We want to thank Lauren Erdman, Oren Kraus, Eleni Triantafillou and Marc Law from U of T’s Machine Learning Group in the Department of Computer Science for giving us great talks on their latest research progress last Tuesday and Thursday!
Oren Kraus talked about Microscopy in Biology. He presented a few innovative ideas and cutting-edge techniques that he has been trying out during his research. For example, in Yeast Proteome Dynamics, he uses methods such as computer vision, multiple instance learning, fully-connected CNNs, to extract features from yeast cells and perform cell recognition as well as classification. These techniques can be used in identification of tissues, and diagnosis for cancer.
Lauren Erdman emphasised on understanding the training dataset. She listed 3 examples on which the misused dataset lead to unexpected outcomes. The first example came in the perspective of making ethical decisions in health care. Degenerate ER risk assessments may bias on non-random treatment and mis-diagnosed the condition. The second example revealed the possibility that machine learning model learns the wrong training information when there is, for instance, structural bias in image data. Moreover, the model may also learn bias from historical data. Thus, it is important for us to know where the data set comes from and what it represents, so that we could mitigate its bias.
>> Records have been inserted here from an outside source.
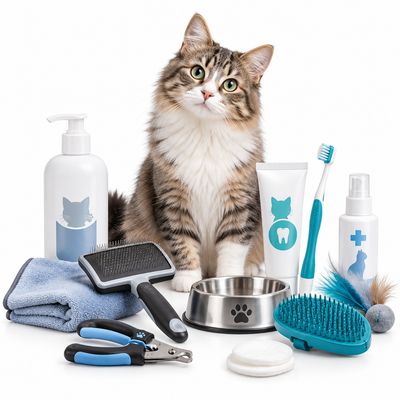 Grooming &amp; Health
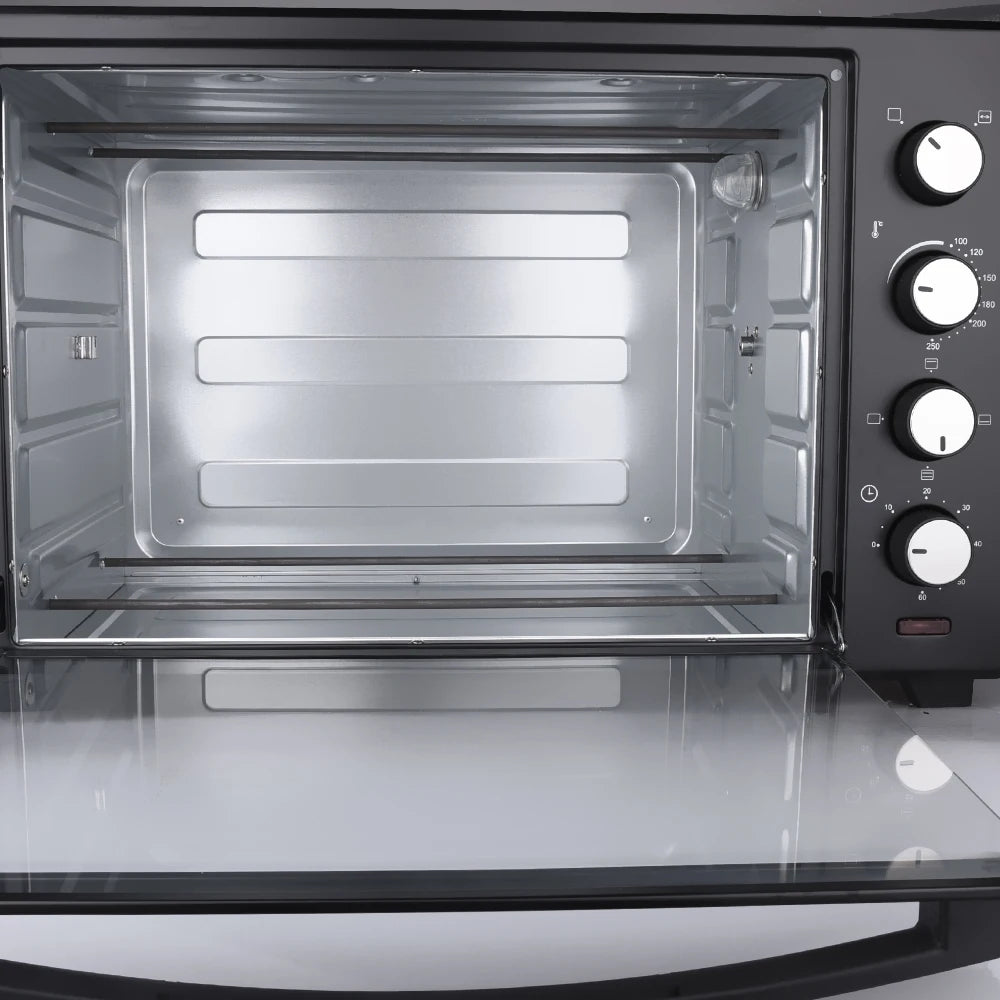 Fully Automatic Electric Oven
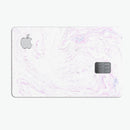 Marble Textures 20 - Premium Protective Decal Skin-Kit for the Apple Credit Card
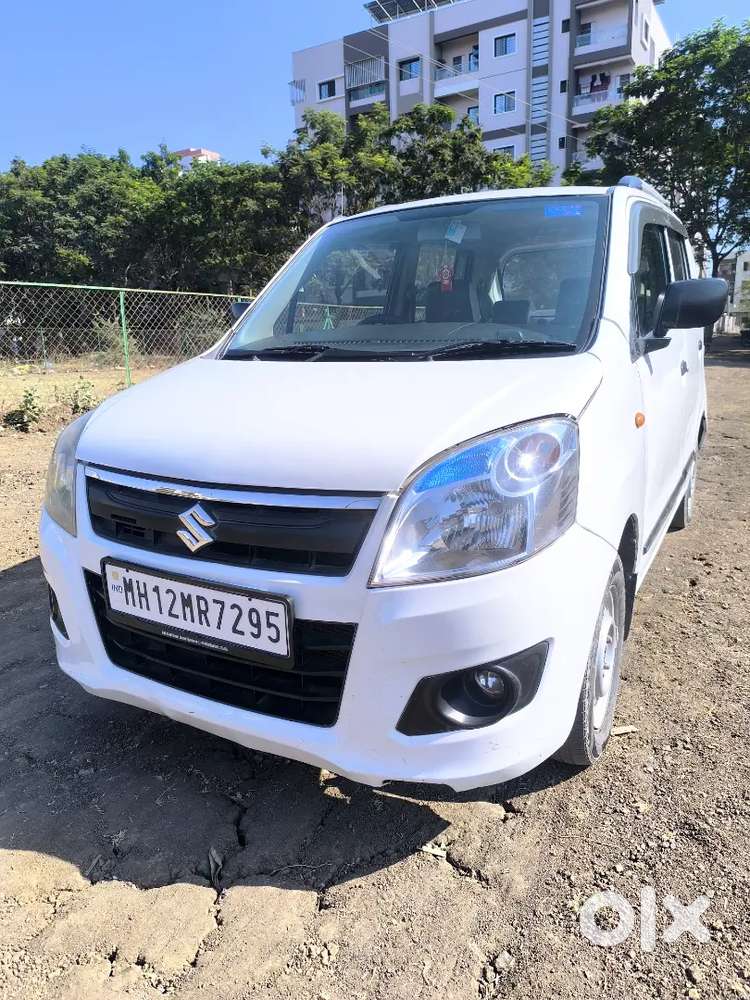 Maruti Suzuki Wagon R 2016 Cng & Petrol Well Maintained
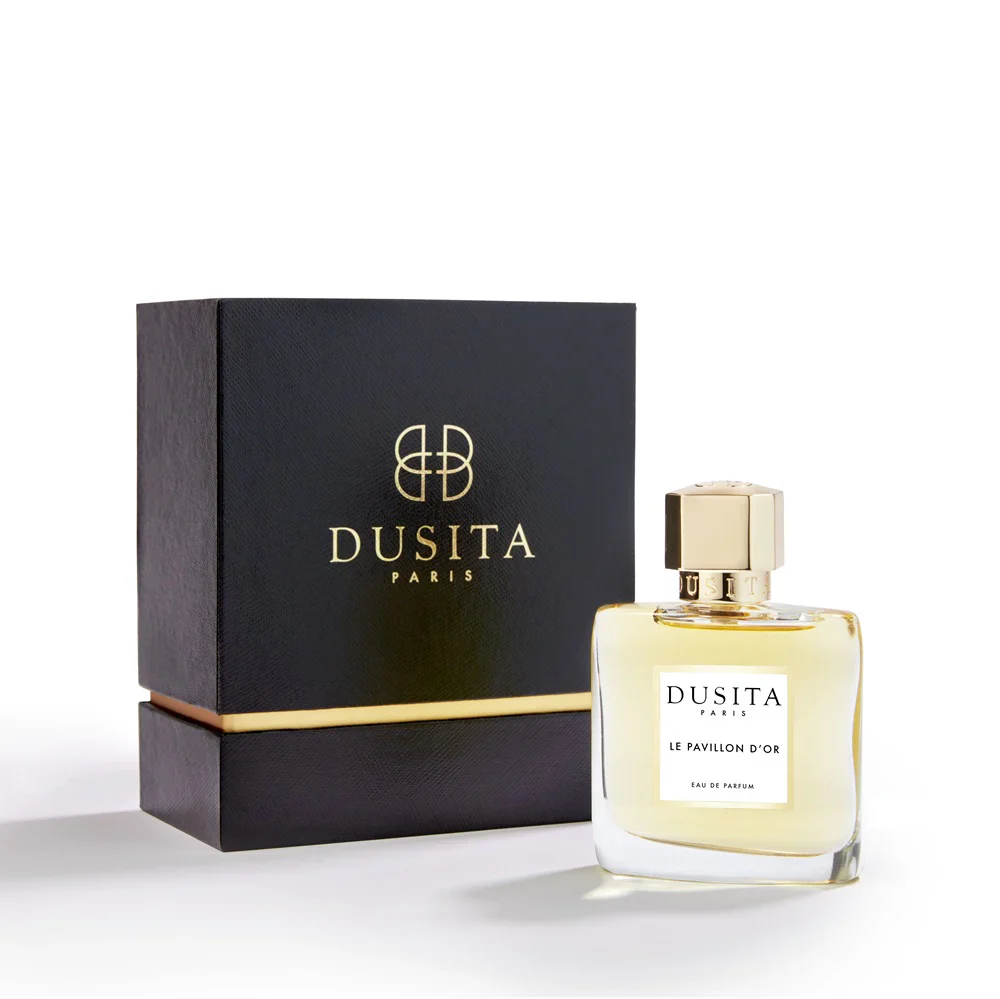Le Pavillon d'Or Dusita Eau de Parfum - Image 3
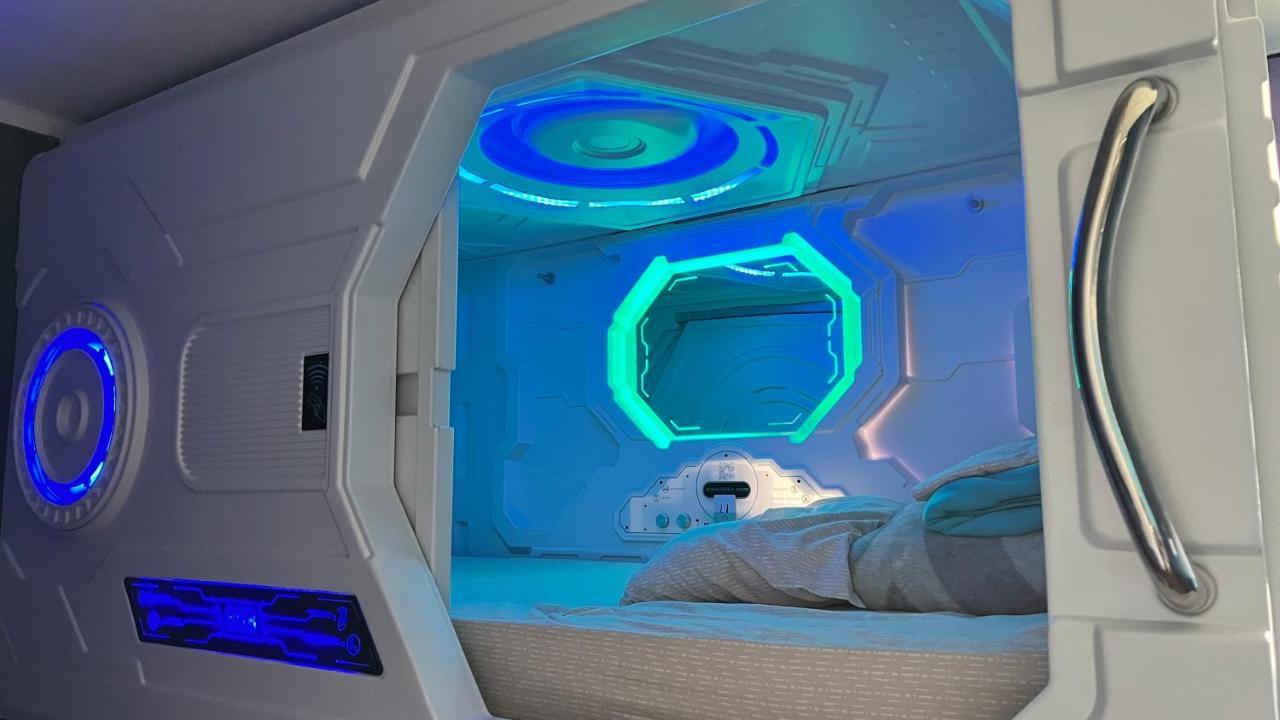 Kapai Hostel Вальдивия Экстерьер фото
Eleni’s research is on few-shot learning, which understands new concepts from only a few examples. In order to optimize the information from the small amount of data, each data point, viewed as a “query”, ranks the other points based on its predicted relevance to them. This framework of structured prediction defines a model to optimize Mean Average Precision and performs just as well as other algorithms.
Marc Law teaches us about clustering, which groups examples so that similar ones are grouped into the same cluster and dissimilar examples are in different clusters. Two problem-dependant factors affect the quality of clustering: the chosen similarity metric and the data representation. Supervised clustering approaches try to find the metric that optimizes the performance of clustering.
Thank you for those who came to our events and asked great questions! We are looking forward to having everyone to join us and get a broader perspective on machine learning!